DESCRIPTION OF THE TASK =>
Give back the whole listing verbatim, printing none of its pictures.

DATA =>
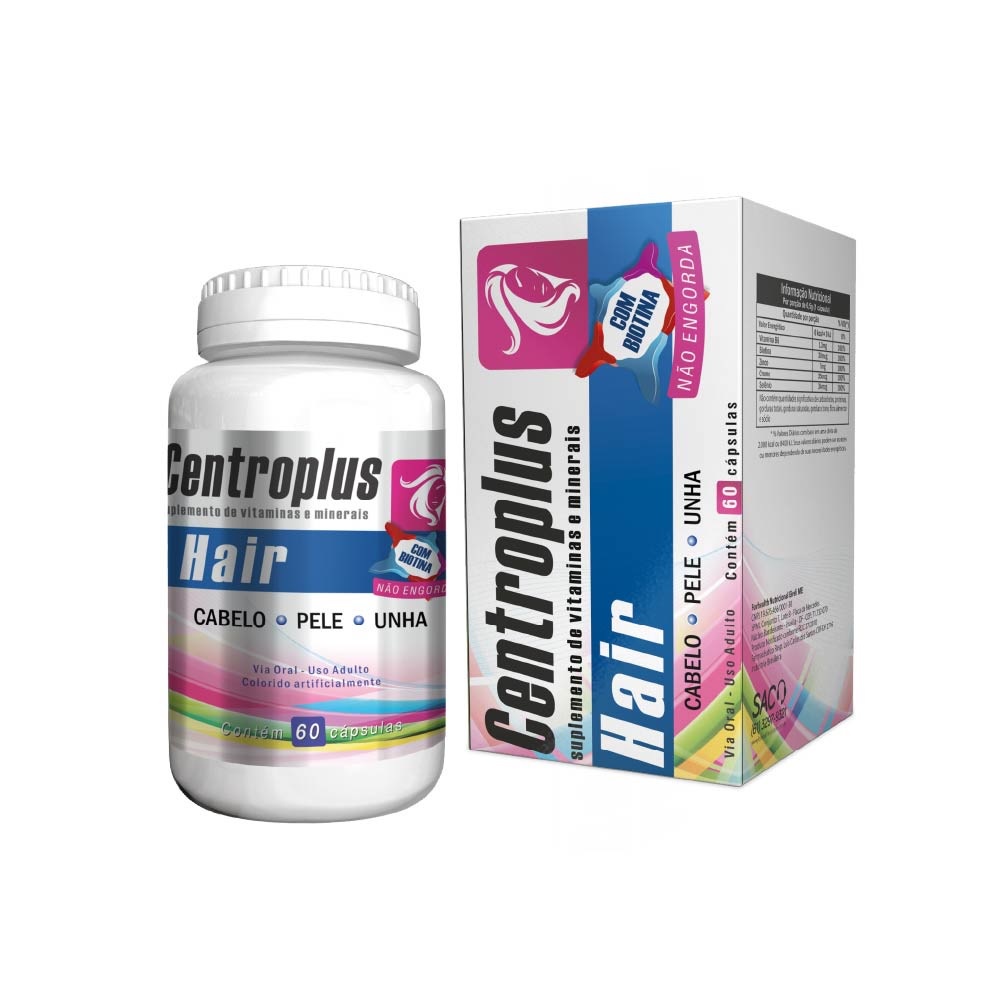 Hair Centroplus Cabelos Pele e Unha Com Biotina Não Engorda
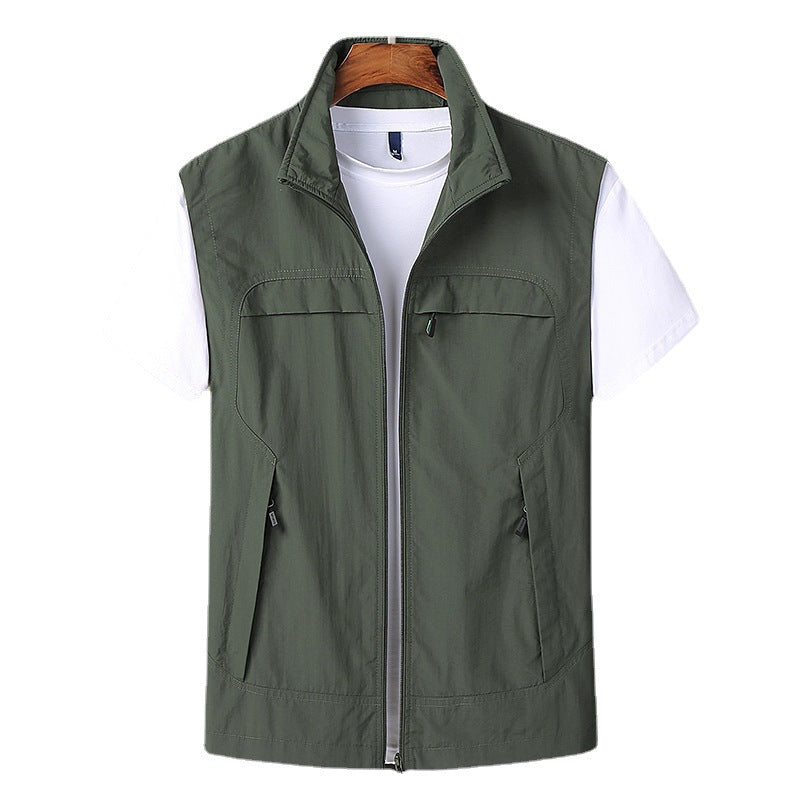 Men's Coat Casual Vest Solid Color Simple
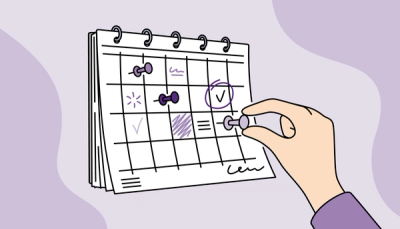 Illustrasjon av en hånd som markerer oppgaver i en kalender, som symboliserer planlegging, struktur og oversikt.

TASK RESPONSE =>
 Hair Centroplus Cabelos Pele e Unha Com Biotina Não Engorda
 Men's Coat Casual Vest Solid Color Simple
 Illustrasjon av en hånd som markerer oppgaver i en kalender, som symboliserer planlegging, struktur og oversikt.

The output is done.